A bit of nostalgia

And now for a bit of nostalgia, as well as an opportunity to see if I’ve got WordPress access properly set up on my new tablet (if so, I’m hoping it will facilitate increased weblogging).

A couple of weeks old now, but I appreciated this recognition of the 40th birthday of X Window System. My first programming job, a summer internship type position 32 years ago, had me learning UNIX by crash course, and most particularly figuring out how to write X Window configuration scripts. As the article notes, X Window offered the potential for customized and consistent windowing environments across different hardware systems. My task was figuring out how to actually achieve identical windowing environments across a lab full of VMS, VAX, and SUN machines so that visiting biologists could follow simple visual guides and have everything work the same no matter which type of box they sat in front of. In theory, this was entirely achievable and in practice it was about 95% achievable, at least with the nascent skills I had at the time. Many, many days were lost to figuring out how to configure every possible menu to the same options, in the same order. I’d have welcomed Lupton’s guide for astrophysicists – I was spending my days with massive binders with large X’s across the front and delving into man pages.

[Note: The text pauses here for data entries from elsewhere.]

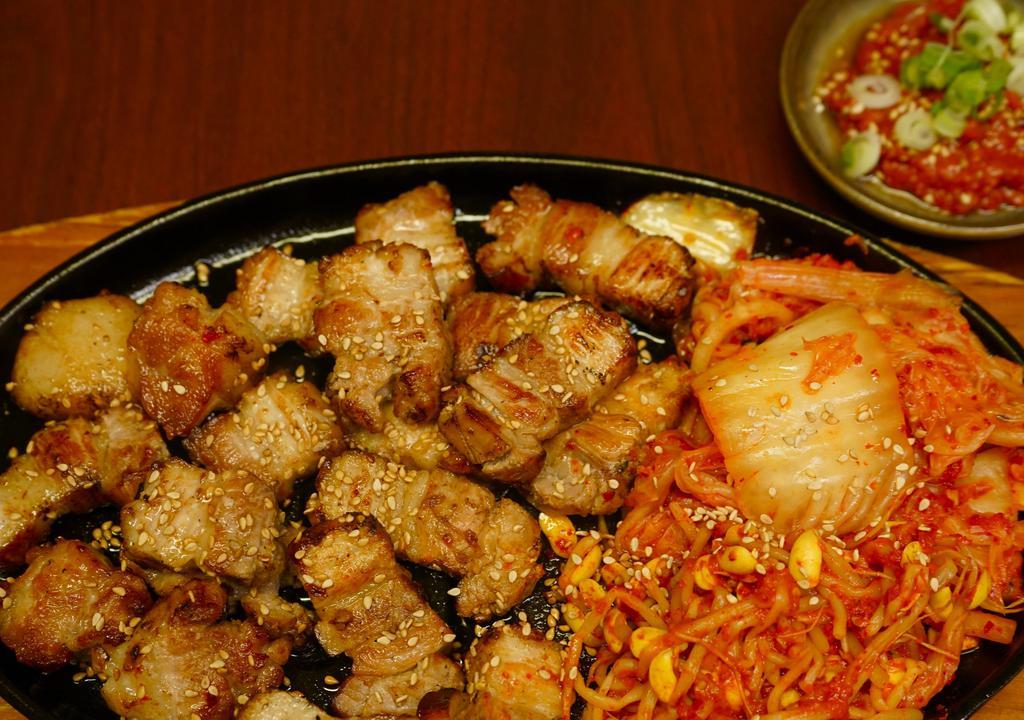 Grilled Pork Belly · Grilled pork belly, kimchi, vegetables on a hot iron plate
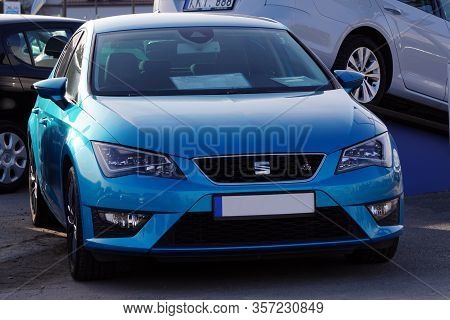 Krakow, Poland 03.15.2020: Blue Seat Leon Fr In The Parking Lot Of The Commission Car Center Among O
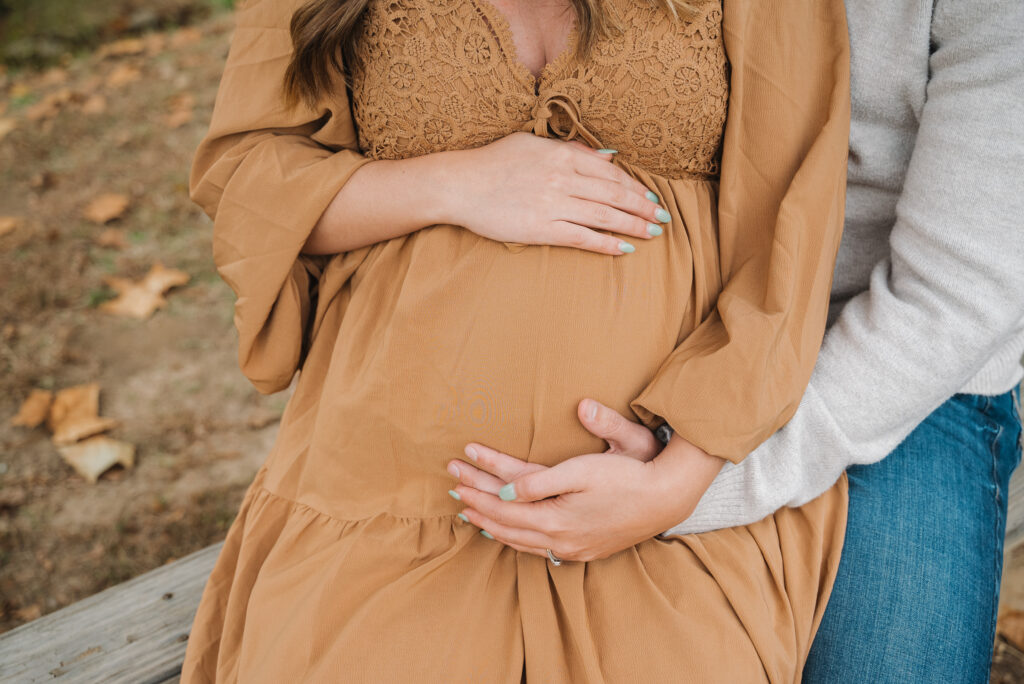 Parents holding belly 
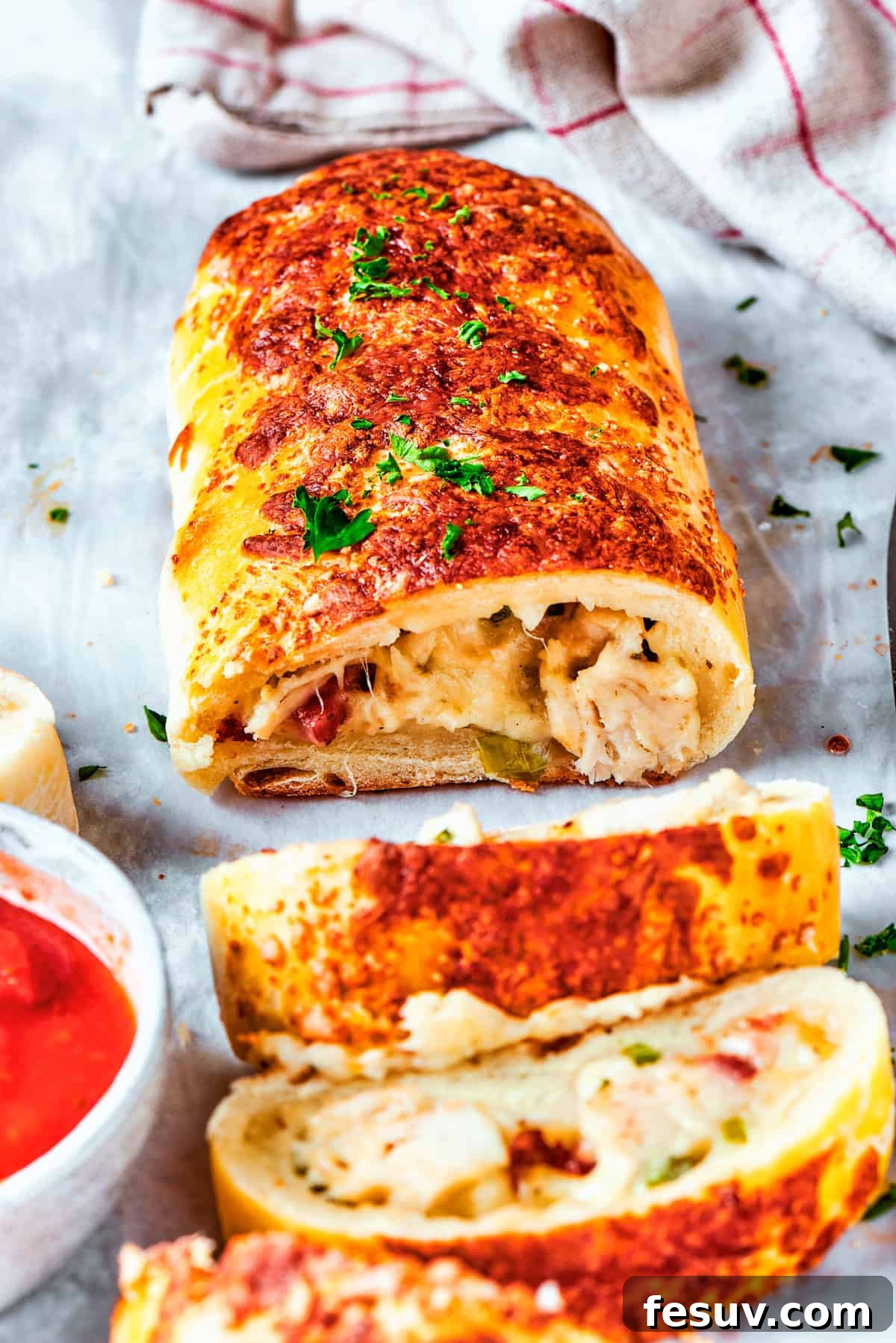 A freshly baked and sliced chicken bake sandwich, revealing its warm, cheesy interior.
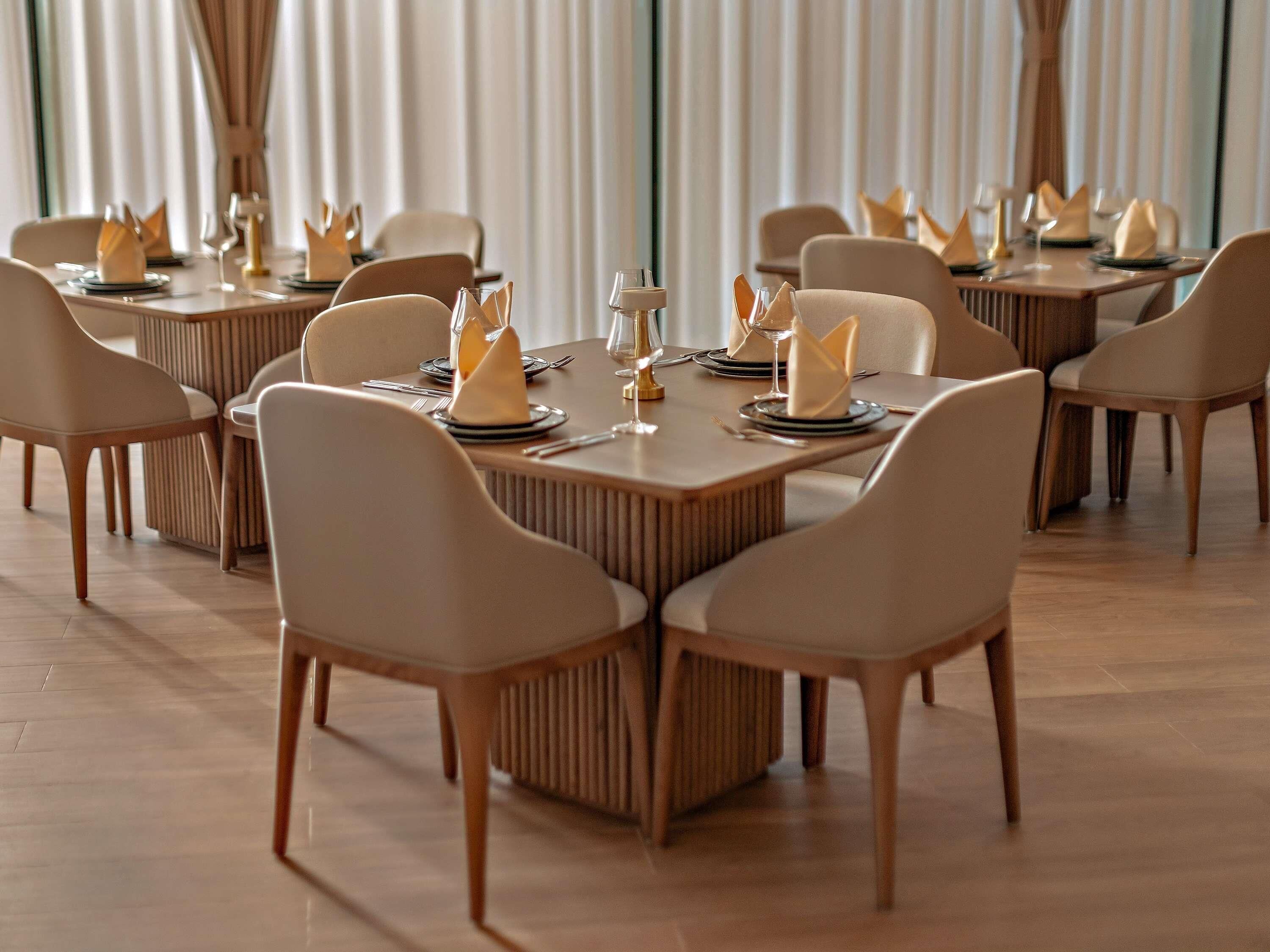 A dining area with rectangular tables, beige chairs, and a modern, minimalist design.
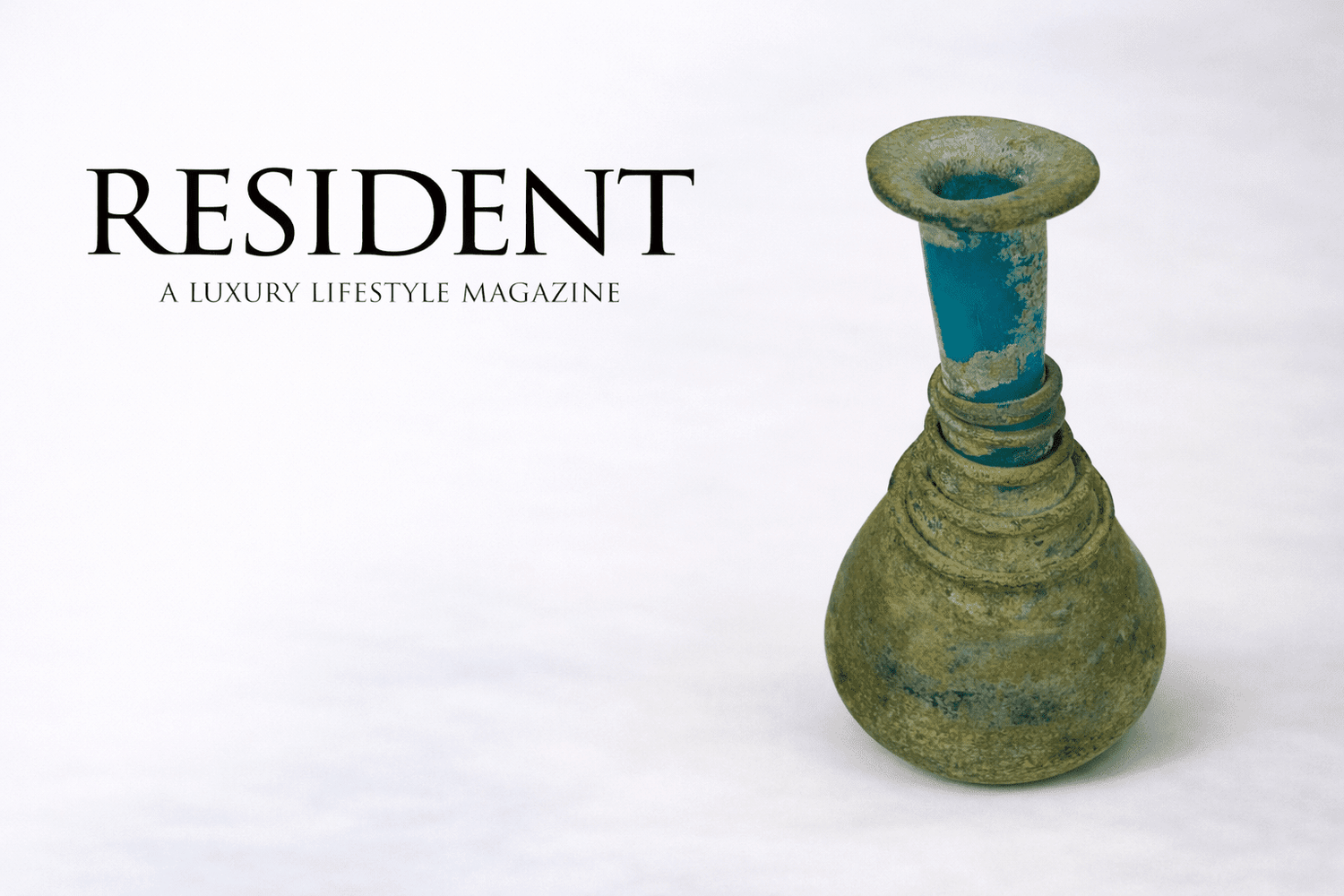 Resident luxury lifestyle magazine logo displayed beside an ancient Roman turquoise glass perfume bottle with spiral rings from the 1st–3rd century CE against a neutral studio background.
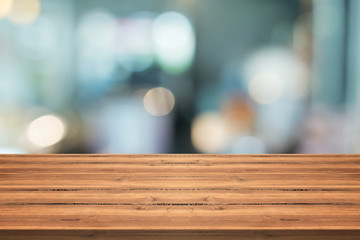 Empty wood table top on blurred background,for montage your products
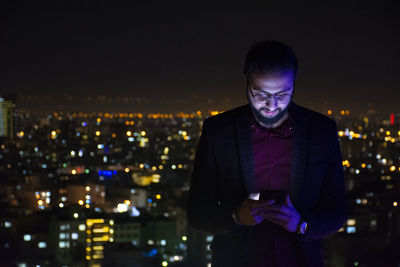 Man using mobile phone while standing against illuminated city at night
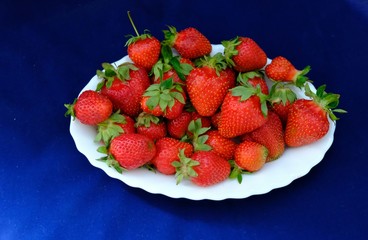 ripe strawberry on a blue background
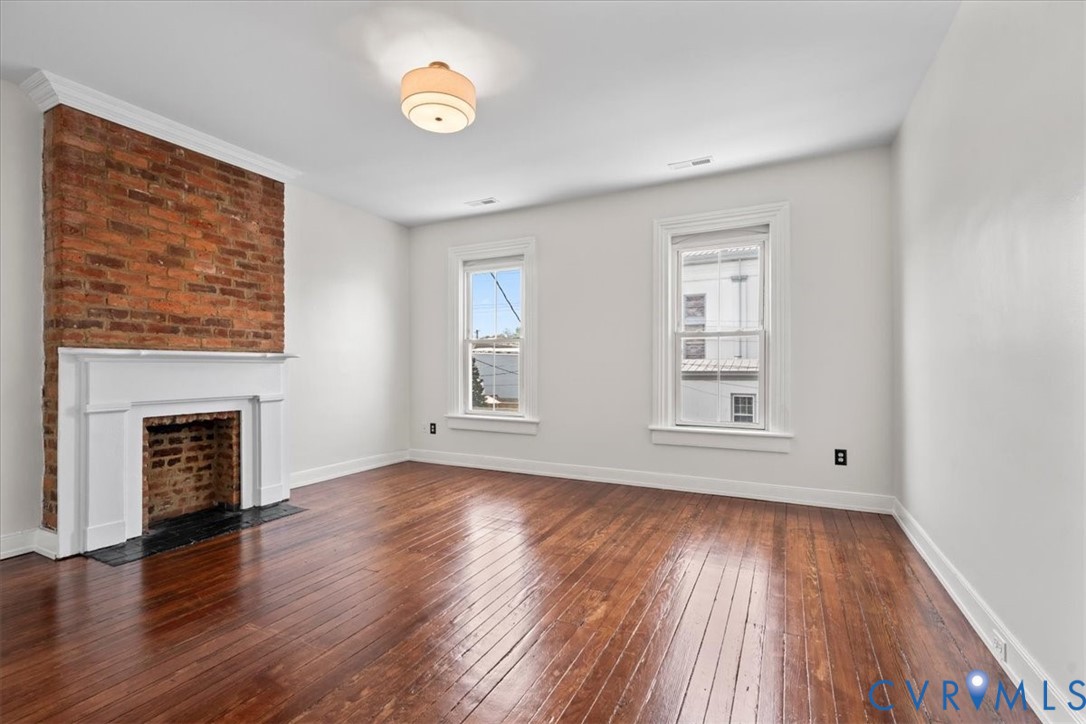 Exposed brick accent wall with a white mantel, hardwood flooring, and two double-hung windows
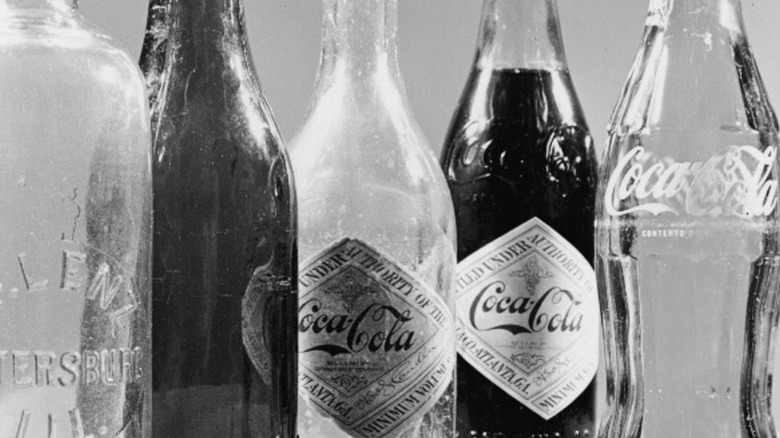 Black and white photo of five vintage glass Coca-Cola soda bottles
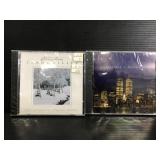 Two sealed Christmas CDs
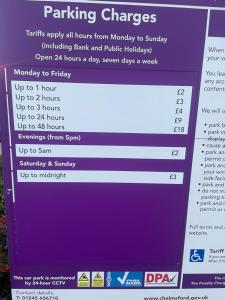 a sign for a parking garage with purple and white at High vibes home in Chelmsford
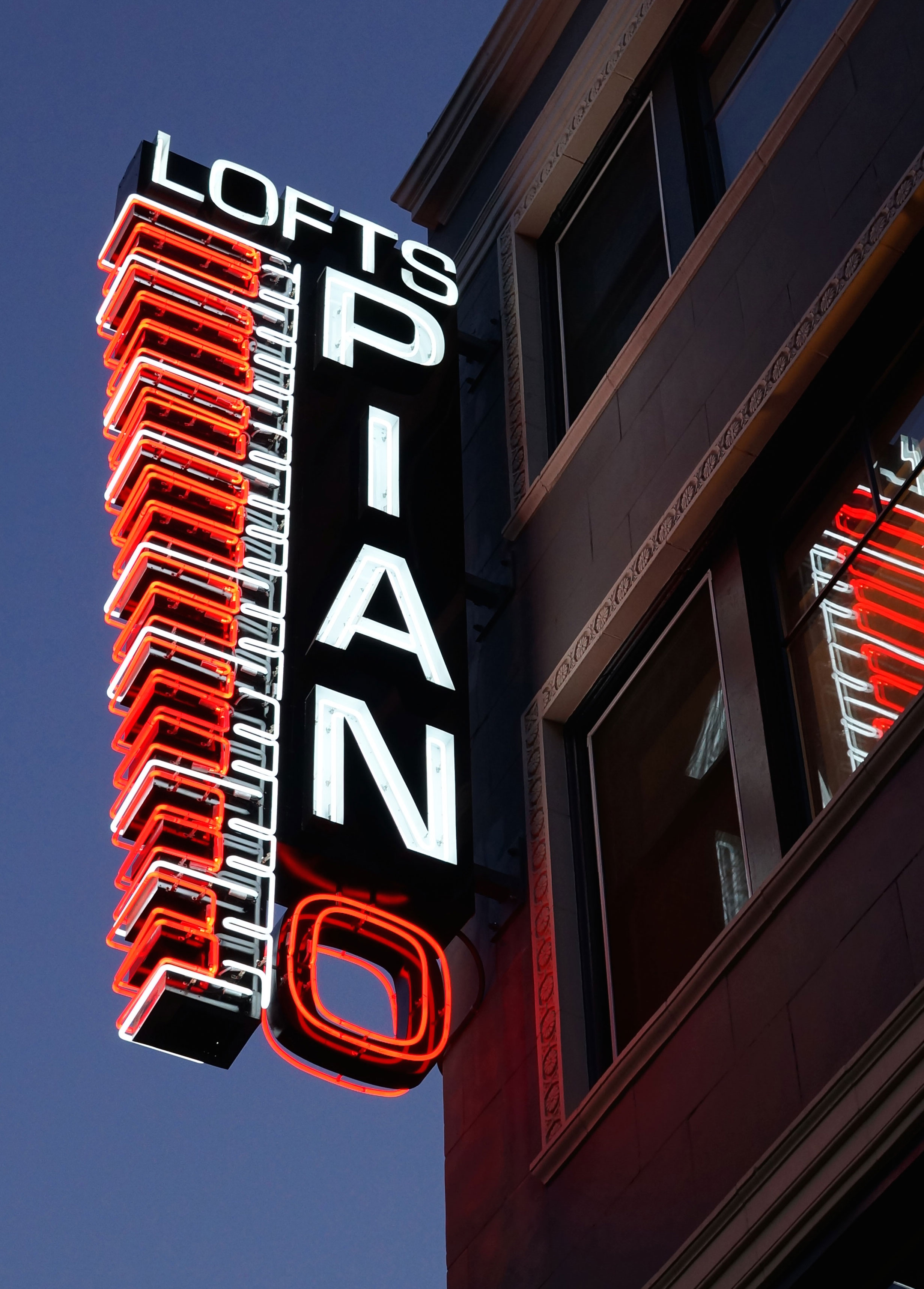 Piano Lofts neon illuminated blade sign.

It’s only thinking about it now that I realize there was some interesting user interface decision making in that project – a topic I’ve learned much more about as a faculty member than I ever did as a student. Given the default menus that each of these three boxes wanted to default to, which one should we use? Or should it be a mix of the three? The reality is, given a short summer to solve this problem, I ended up picking the choices that were easiest to code without a lot of thought about usability. I did insist on spending a day figuring out how to get all three of them to have the same option to reverse the mouse buttons between right-handed and left-handed ordering through a handy drop-down menu option. In retrospect, there were probably better ways for me to solve many of these problems, but it was an invaluable learning experience to be allowed to muddle through and figure out the best solution I could come up with. I don’t miss using X Window. 32-year-ago me would be surprised I could look back fondly on my time fighting with it at all.